Austin has also seen an increase in complaints, according to José M. Guerrero, P.E., Interim Director of the City of Austin Watershed Protection Department (WPD). In February, WPD partnered with several other city departments and external community organizations on a pilot project to explore new strategies for addressing homelessness on city properties, including some concepts specific to waste management.

Here are some of the core elements of the pilot in Austin, as described by Guerrero:

  • Prioritization for Site Cleanup or Removal:Under the pilot, resources are allocated based on a prioritization scoring matrix that assesses potential threats to human life safety, and our department mission areas of areas of flood hazard mitigation and water quality. Homeless belongings may block the flow of water and cause flooding. In addition, improper storage and disposal practices may pollute waterways. Contract services are deployed to prioritized encampment sites for cleanup or total removal. For sites that must be completely removed, displaced individuals are connected with social services to make alternate living plans. In instances where an encampment does not pose a significant safety or environmental risk, the site may be “de-prioritized.” Instead of scheduling a cleanup or removal, we provide campers at de-prioritized sites with tools, supplies and training to keep the site clean, based on Leave No Trace principles. If the site fails to maintain the camp according to these principles, it can become prioritized and subsequently removed.
  • Trash Collection:After benchmarking with Seattle Public Utilities, we plan to loosely replicate a practice they are employing called the Purple Bag Program. This program asks campers at Leave No Trace sites to actively participate in the maintenance of the area they are reside in by collecting trash in City-provided, large, recognizable (purple) trash bags and placing full bags in a designated area at the site. The City then collects the purple bags for proper disposal at a regularly scheduled time. This program aims to reduce environmental impacts and public complaints stemming from poorly-managed waste.

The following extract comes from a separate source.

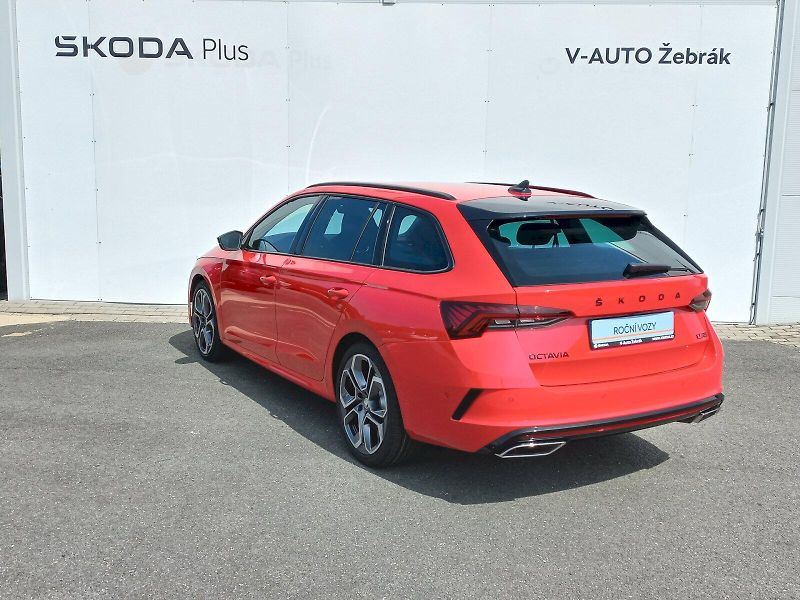 Škoda Octavia (2023) COMBI RS  180kW 2,0TSI DSG - fotka 8 z 26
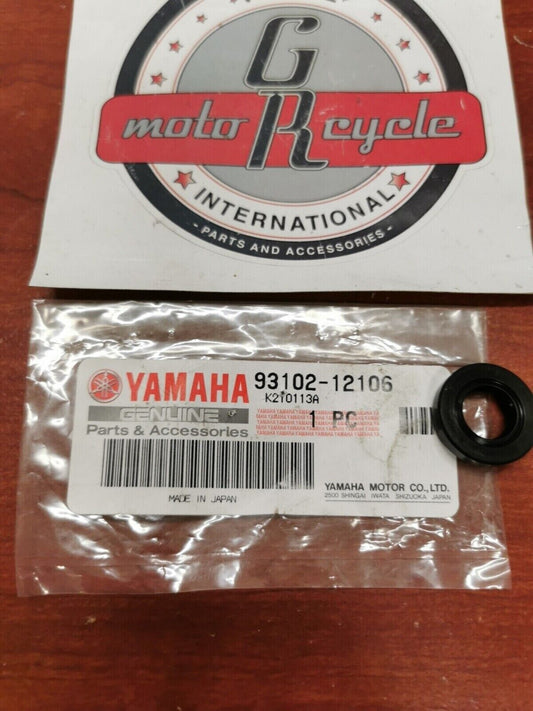 NEW NOS Yamaha XVS95 XVS13 YFM225 YFM70 YFM700 YXZ10 OIL SEAL 93102-12106-00 Y99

Outside of this pilot program, said Guerrero, “the City has some long-standing practices that can overlap with putrescible waste issues. City properties are managed by individual city departments who are responsible for property maintenance. Departments with responsibility typically perform routine cleaning / maintenance activities. In some locations, this can frequently include the cleaning and removal of putrescible waste. WPD evaluates such cleaning practices to ensure compliance with water quality regulations. Public Works cleans downtown sidewalks using a pressure washer and sanitizing agent, recovering wastewater with a vacuum truck before it reaches a storm sewer or waterway, so that it can be properly disposed of. Austin Resource Recovery flushes downtown alleys with water to mitigate odors. Prior to flushing, crews “pre-clean” the alleys, removing human waste and other pollutants for proper disposal so bulk contaminants are not flushed to receiving waterways. Additionally, the Health Department is working to provide new public restrooms in the core central business district downtown. This will offer a means of proper disposal for human waste, and is hoped to reduce putrescible waste complaints.”

Jared Shoultz, Health GIS Specialist & Lead Solution Engineer at Esri, said that ArcGIS technology is “well-suited to help communities address this with easy to configure and implement solutions like the Homeless Activity Reporter, which allows you to take reports from the public with a mobile friendly app that documents the location of problems, encampments or related issues and provides a way to route the request to the correct organization and track its resolution, while creating an audit trail to leverage to request funds and resources to deal the volume of documented reports based on their spatial concentrations.”

Other apps in Esri’s Reducing Homelessness Solution “allow organizations to catalog, maintain and share the location of all resources for the homeless in another mobile friendly app that can help connect homeless to resources and provide responding organizations with the information they need to direct the homeless to the resources and programs needed to get them off the street,” said Shoultz.